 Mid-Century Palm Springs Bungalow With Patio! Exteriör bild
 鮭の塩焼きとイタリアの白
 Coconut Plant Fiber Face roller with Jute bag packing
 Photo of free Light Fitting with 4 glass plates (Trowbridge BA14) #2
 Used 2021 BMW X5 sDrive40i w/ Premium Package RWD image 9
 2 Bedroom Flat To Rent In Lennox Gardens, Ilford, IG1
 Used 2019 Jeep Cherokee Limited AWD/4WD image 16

===============

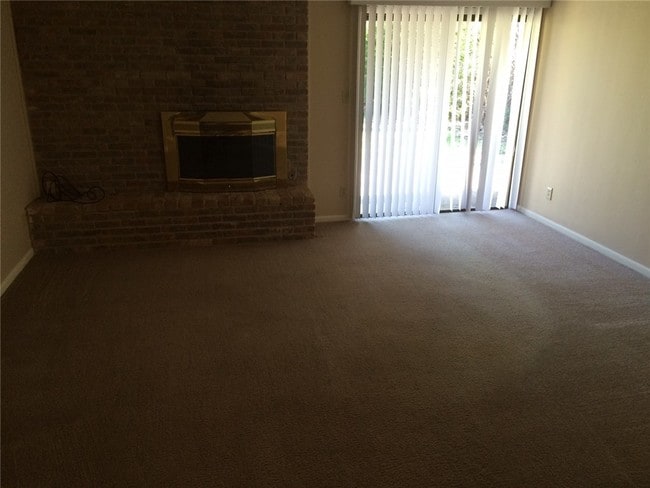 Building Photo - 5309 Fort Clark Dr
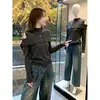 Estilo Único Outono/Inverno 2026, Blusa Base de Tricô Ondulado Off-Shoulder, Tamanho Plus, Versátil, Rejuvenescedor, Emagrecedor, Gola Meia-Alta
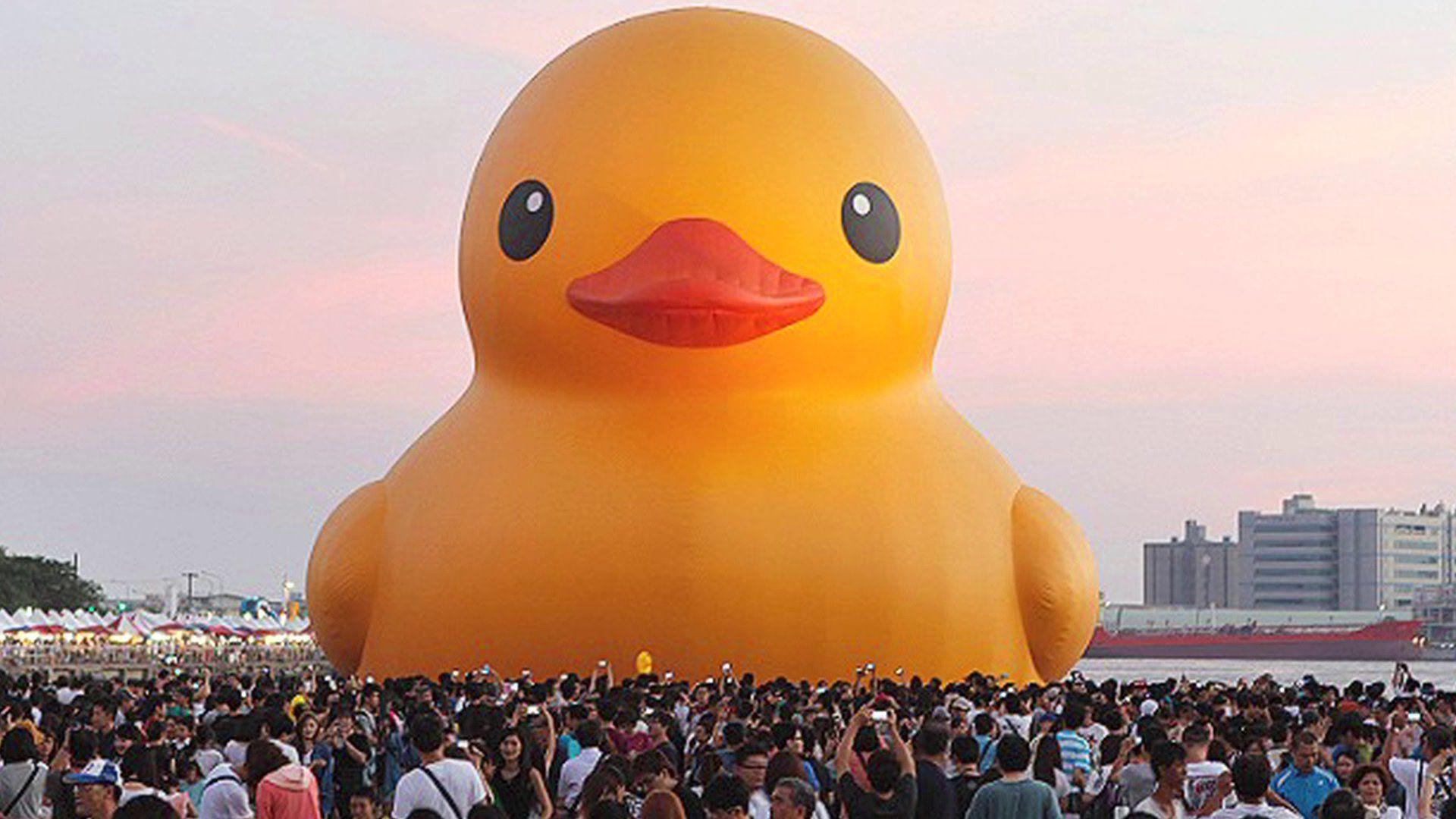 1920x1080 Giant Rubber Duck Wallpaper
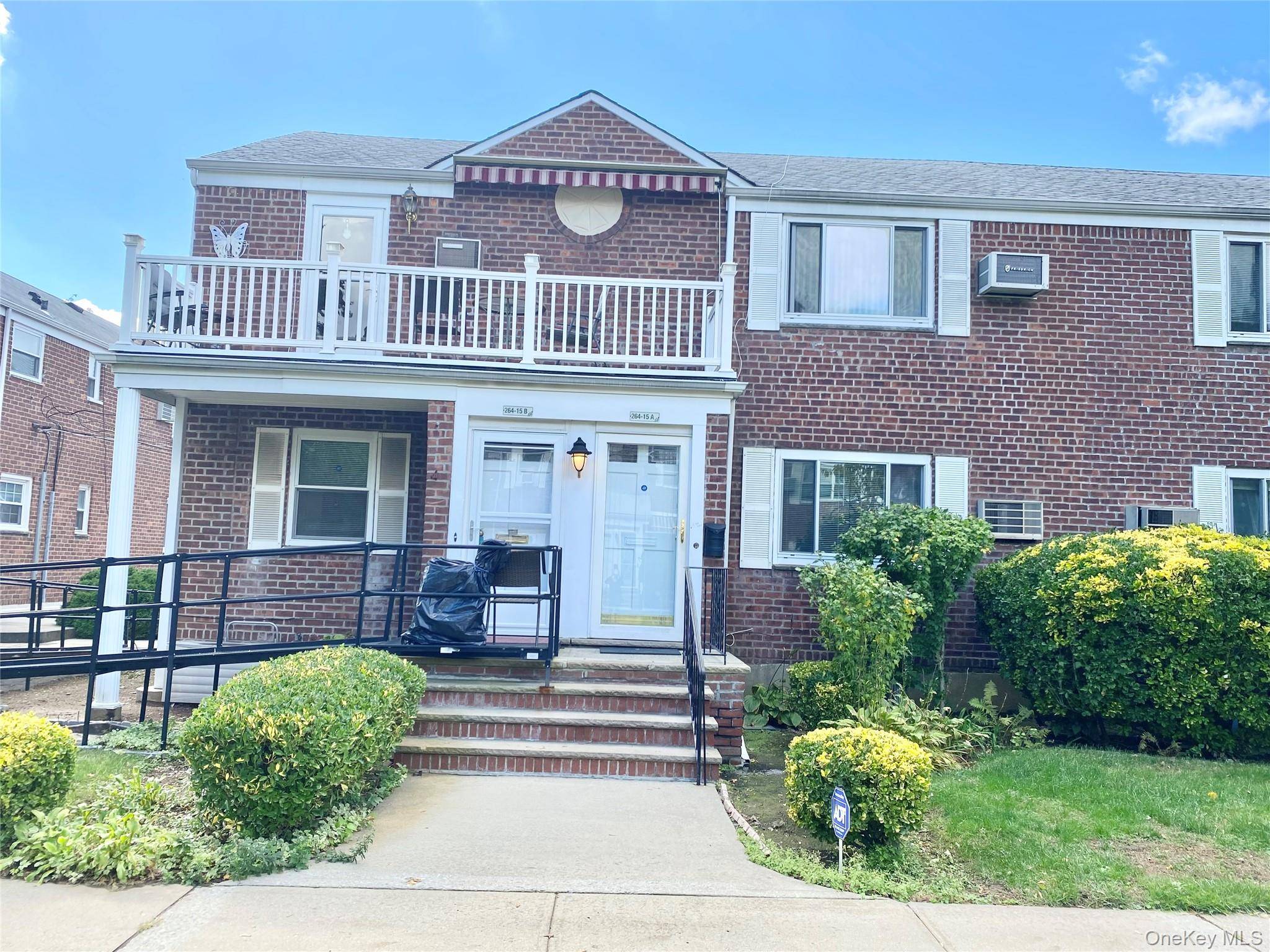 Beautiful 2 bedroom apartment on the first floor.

===============

What you have to do: All lines above from the one containing "Mid-Century Palm Springs" to the one containing "Used 2019 Jeep" must be repeated exactly, both lines included, and no others.

Your solution:
 Mid-Century Palm Springs Bungalow With Patio! Exteriör bild
 鮭の塩焼きとイタリアの白
 Coconut Plant Fiber Face roller with Jute bag packing
 Photo of free Light Fitting with 4 glass plates (Trowbridge BA14) #2
 Used 2021 BMW X5 sDrive40i w/ Premium Package RWD image 9
 2 Bedroom Flat To Rent In Lennox Gardens, Ilford, IG1
 Used 2019 Jeep Cherokee Limited AWD/4WD image 16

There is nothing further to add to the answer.